I have been feeding Purina One and recently switched to Diamond. All of my dogs seem to like it and it agrres with everyone except for my 15 month old female. She has not had a solid stoll in the 14 days she has been eating it. I have 3 labs, a mut and 2 small dogs so I am looking for something more economical to feed than Purina One but I want something good for my dogs.

BTW, my 3 labs are not in training everyday but are hunting 2-3 days a week right now.


----------



## DuffDog (Mar 26, 2007)

I have had good luck with Taste of the Wild but it isn't cheap. I sure hope you are getting the dog looked at by a vet.


----------



## GMR (May 17, 2006)

I switched from Eukanuba to Diamond (green bag) about a year ago. The Diamond (yellow bag) didn't seem to put the coats on my dogs that the green bag formula does. No
ill affects, skin is good, health is good, so far so good!
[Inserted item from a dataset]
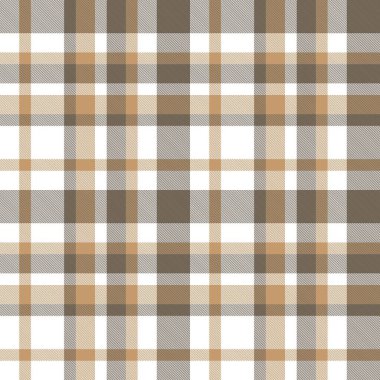 Kahverengi kahverengimsi ekose, kumaş ve grafikler için uygun ekoseli, dikdörtgen desenli.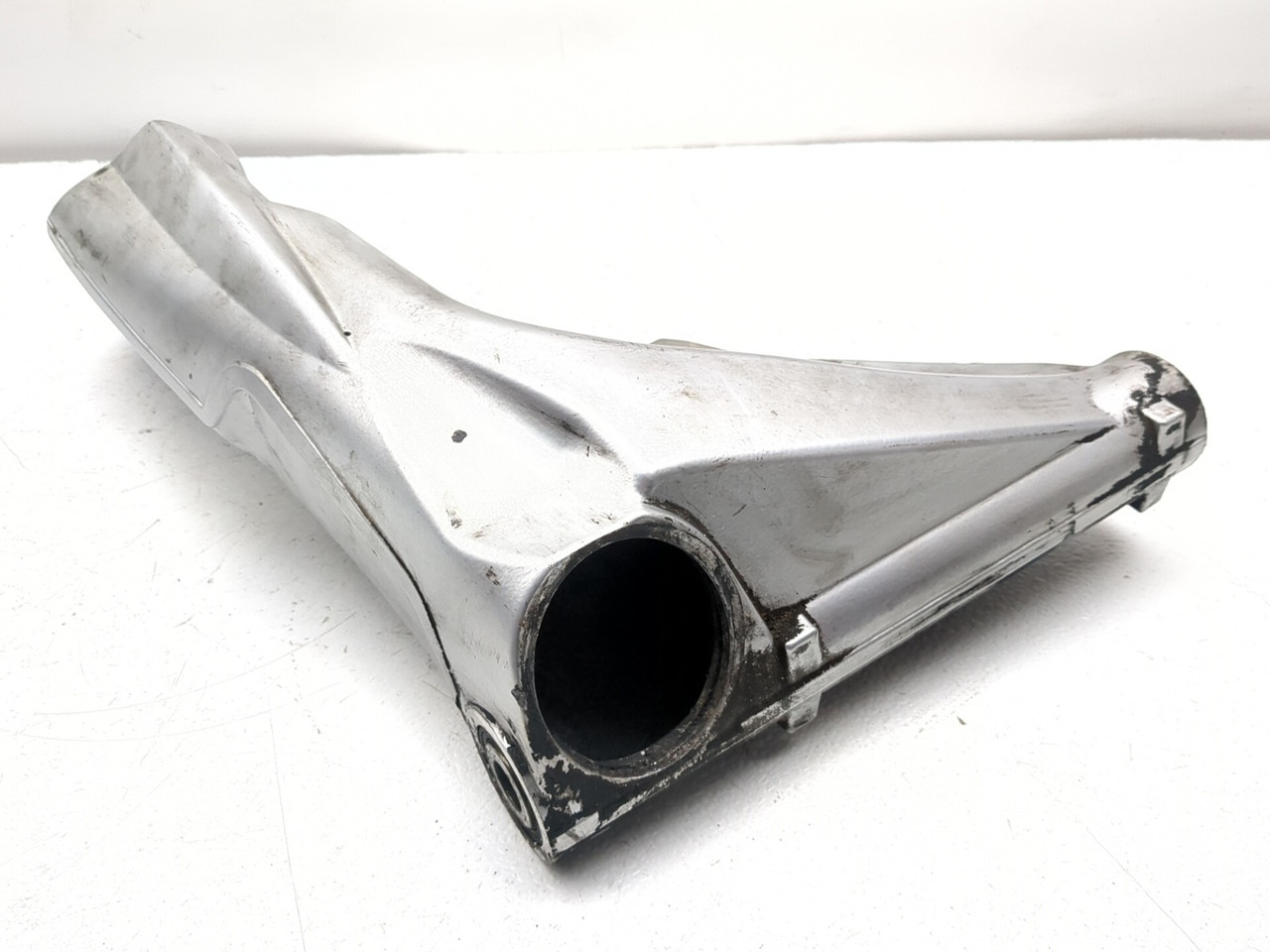 10-13 BMW R1200RT Rear Swing Arm Swingarm Frame Assembly - Sun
And it is much more economical.


----------



## MikeB (Jan 9, 2009)

GoinOnce,
Which Diamond are you feeding the young dog with the stool problem? How much do you feed each meal, do you measure or free feed? How many times a day do you feed? 
More info when you write again.


----------



## TN_LAB (Jul 26, 2008)

I know a lot of trainer folks like to feed:

Eukanuba Premium Performance and/or Purina Pro Plan


----------



## David Eaton (Feb 24, 2005)

Become a Purina Pro Club Member and save the weight circles. If you are not, everytime you throw out a bag of 37# Purina One, you are throwing away $4.07. It adds up quick.

David Eaton


----------



## Chance Raehn (Dec 18, 2008)

I've fed Eukanuba for seven years. Used Premium Performance, Active and regular Adult and love the results. Great coats, skin and dogs are very healthy. Stool is less and harder - I guess this only matters if you have to pick it up regularly.


----------



## skeeter1804 (Jan 3, 2009)

We had problems with Diamond food. Our Black Lab and German Shorthair was losing weight so we switched to different food. So we started using Walmart food and they started gaining weight.


----------



## Juli H (Aug 27, 2007)

I always really like blackwood dog food....when I fed it the dogs did GREAT....unfortunately in Alaska it is a little pricey...
currently feed Sam's club - Exceed lamb and rice....and the dogs are doing very well on it too....
Juli


----------



## MikeB (Jan 9, 2009)

There is a lot of good food out there. It really depends where you live and what is available to buy and how much you want to spend.


----------



## ramblinmaxx (Nov 17, 2004)

We feed PMI Exclusive.

Chicken and Rice Large Breed Puppy
Chicken and Rice Large Breed Adult
And Performance for dogs in training.

Have great luck with this, their hair coats are fantastic and as long as you feed according to the chart on the bag you will have no problems. 

If you like Purina Pro Plan you will LOVE Exclusive.

here is a link that will guide you to feed stores that either carry it or CAN get it if you just ask them to.

http://purinamills.com/DealerLocator.aspx?SearchType=Z&ZipCode=66221


----------